- Opening Delimiter -

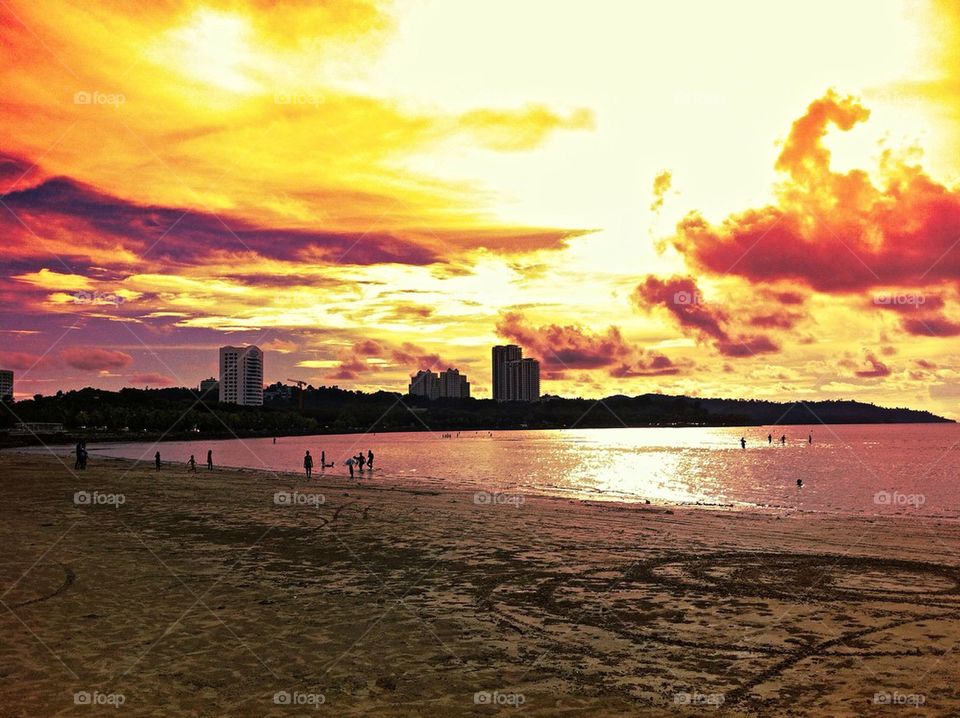 Kota Kinabalu beach at sunset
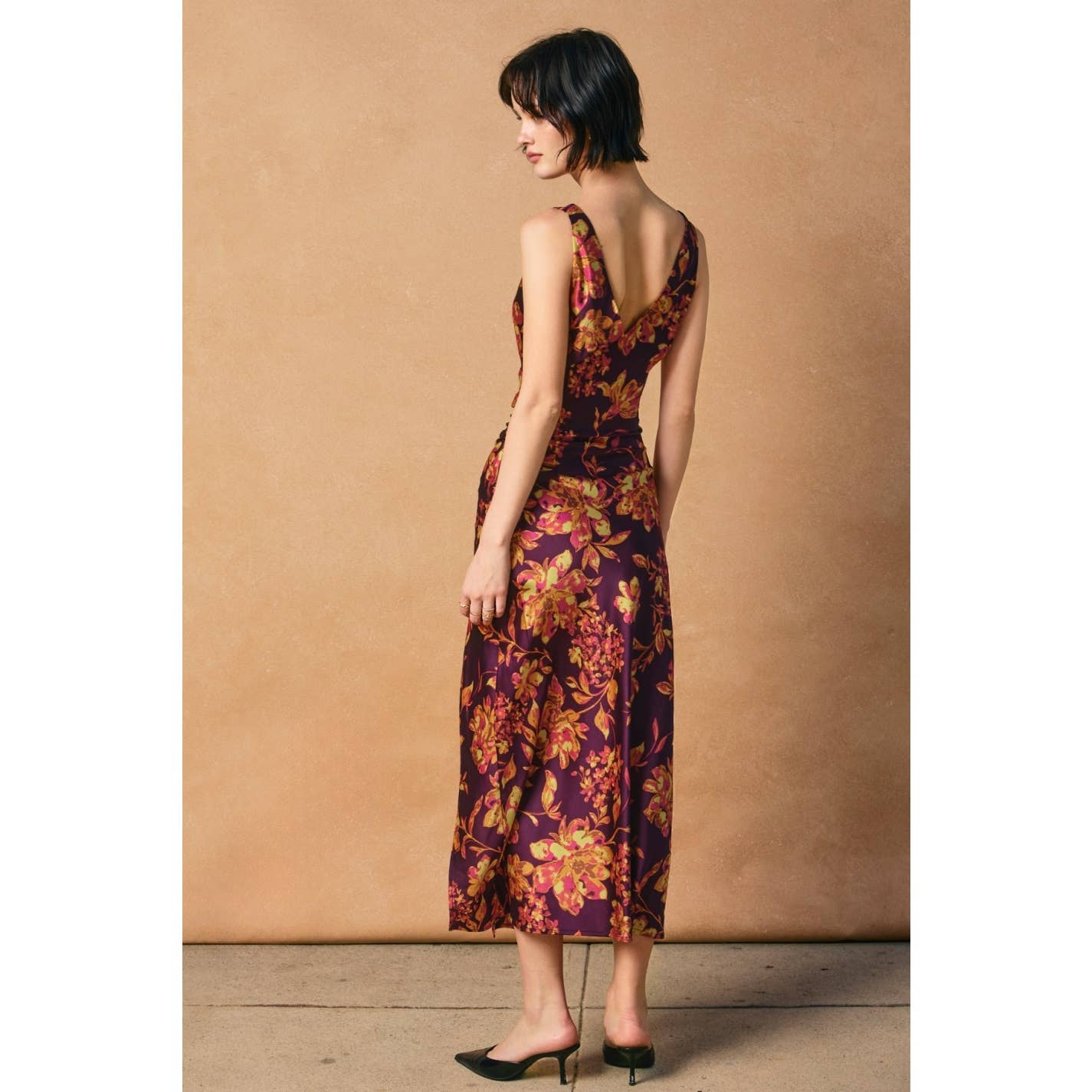 Crimson Garden Deep Drape Neck Midi Dress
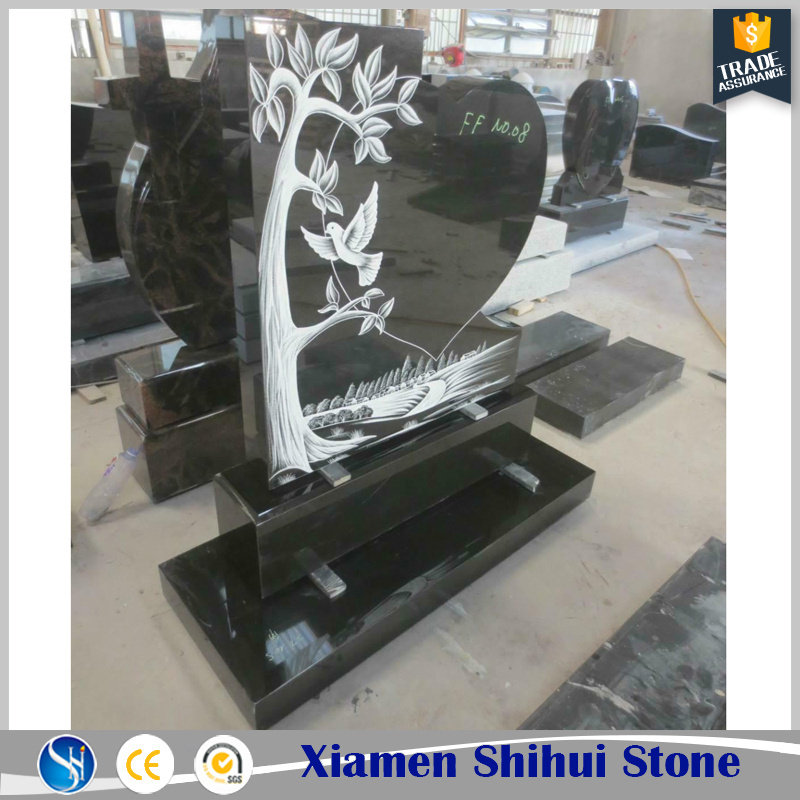 Unique Design Granite tree of life with birds headstone,Headstone Design with Tree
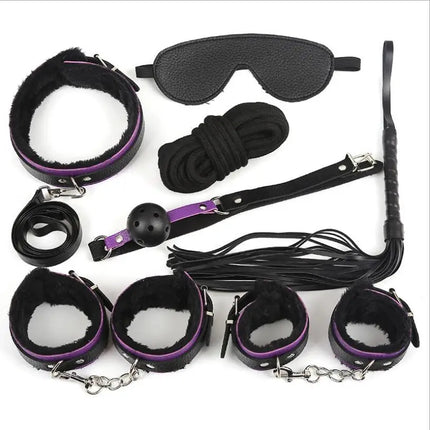 Sex Bondage Kit 7 Pcs Adult Games Set Handcuff Footcuff Whip Rope Blindfold for Couples Erotic Toys Sex Products S0185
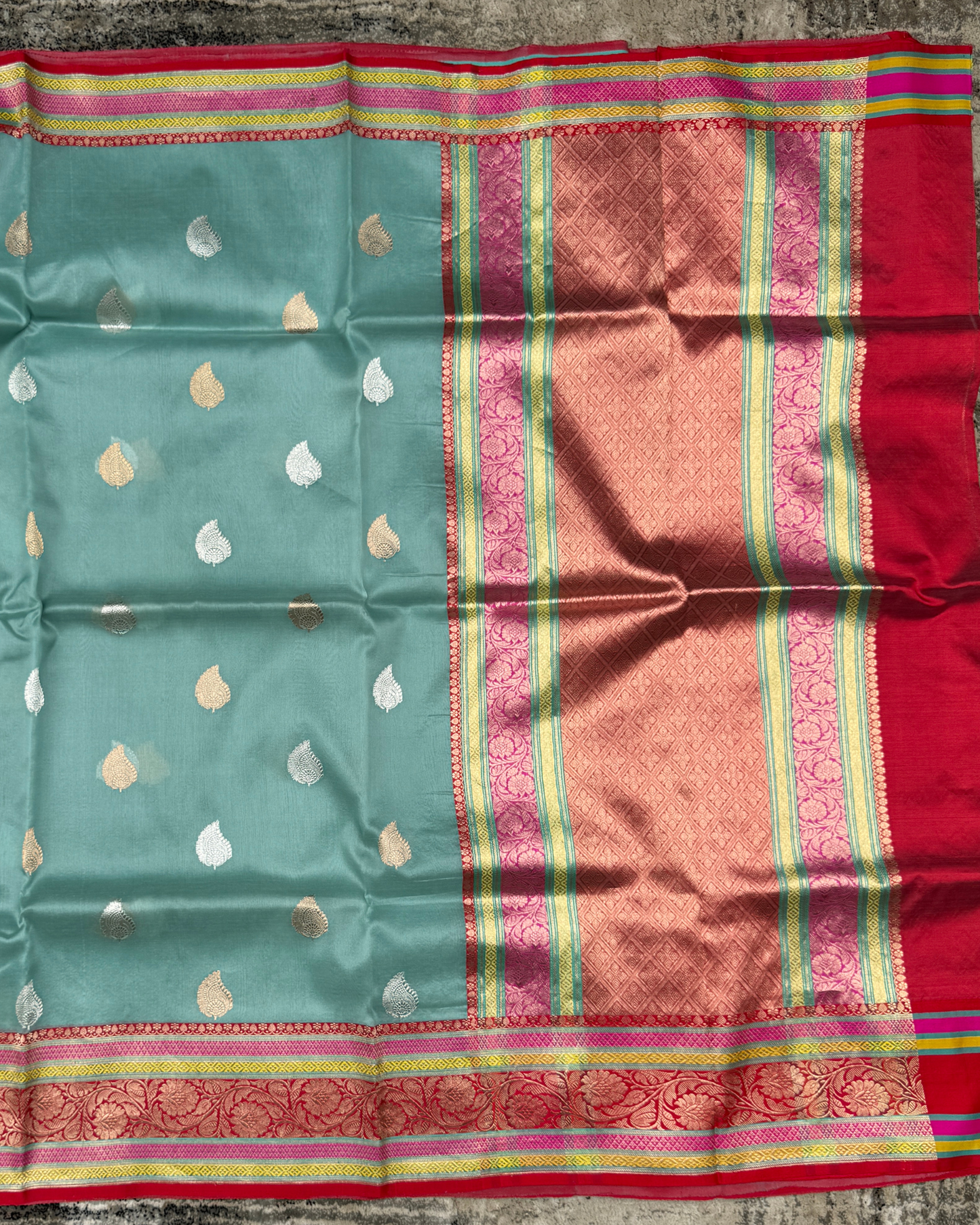 Sea Green Banarasi Handloom Double Kora Katan Handloom Saree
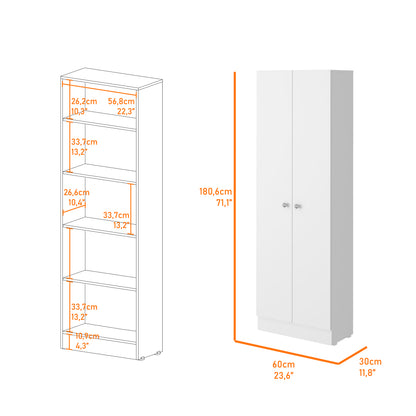 White Two Door Storage Cabinet - 70.8" Tall, Particle Board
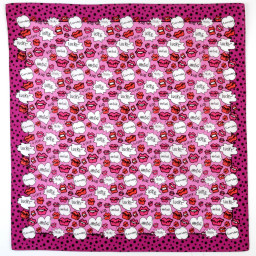 mouchoir kiss cerise femme 100% coton 45cm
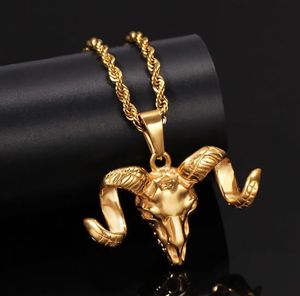 18K Gold Bull Глава ожерелье 316L Stainess сталь ожерелье Bull Horn Подвеска с 24inch веревочки цепи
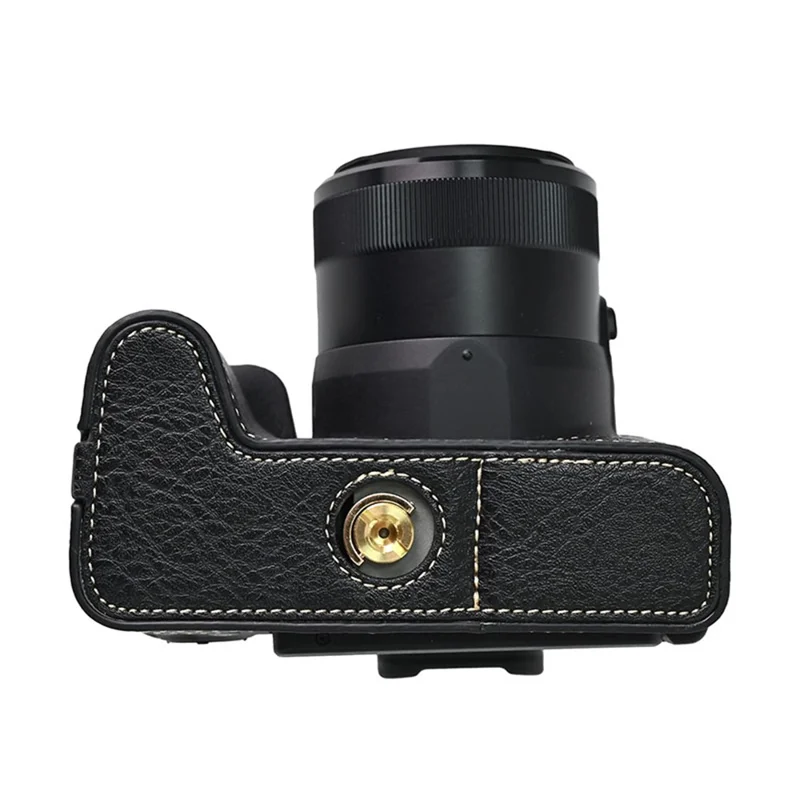 For Canon SX70 HS Camera Case Large Cutout Litchi Texture PU Leather Protective Cover - Black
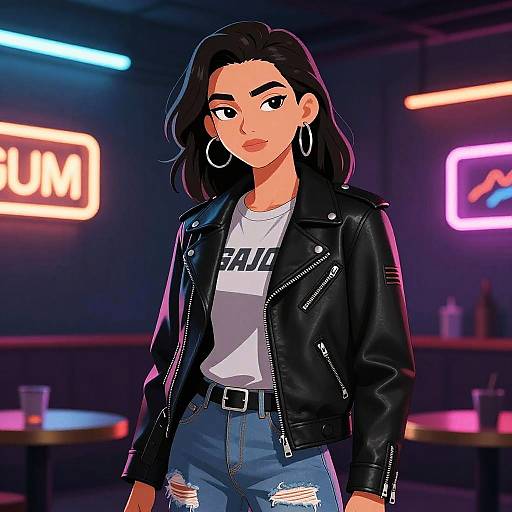Stylish Teen Biker in Neon Venue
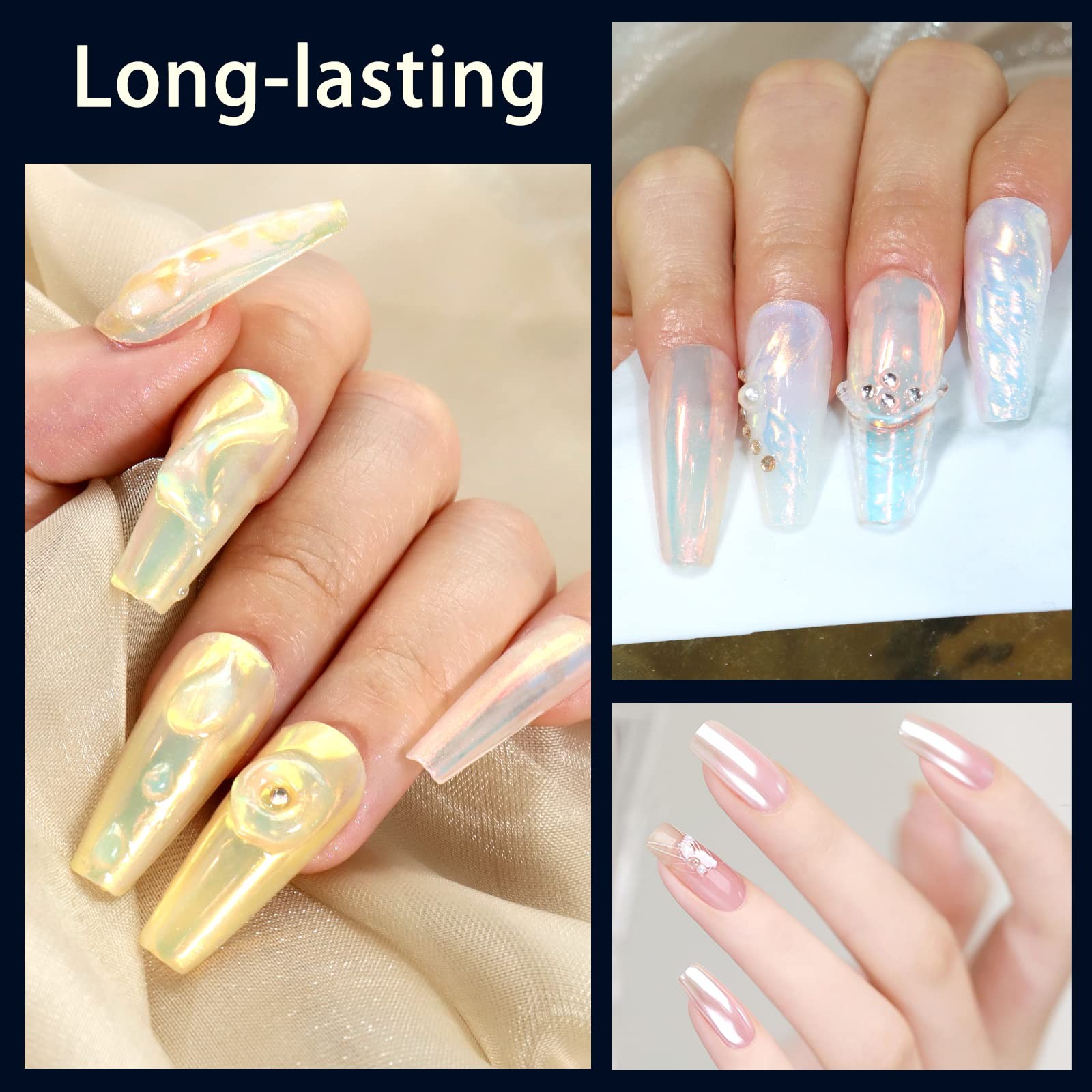 Unicorn Chrome Nail Powder, Aurora Mermaid Iridescent White Pearl Nail Chrome…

- Closing Delimiter -

- [Task to carry out] An exact copy of the lines above, from the first through the line that holds "18K Gold Bull", is what is needed; leave the pictures out.

- [Reply to the task]
 Kota Kinabalu beach at sunset
 Crimson Garden Deep Drape Neck Midi Dress
 Unique Design Granite tree of life with birds headstone,Headstone Design with Tree
 Sex Bondage Kit 7 Pcs Adult Games Set Handcuff Footcuff Whip Rope Blindfold for Couples Erotic Toys Sex Products S0185
 Sea Green Banarasi Handloom Double Kora Katan Handloom Saree
 White Two Door Storage Cabinet - 70.8" Tall, Particle Board
 mouchoir kiss cerise femme 100% coton 45cm
 18K Gold Bull Глава ожерелье 316L Stainess сталь ожерелье Bull Horn Подвеска с 24inch веревочки цепи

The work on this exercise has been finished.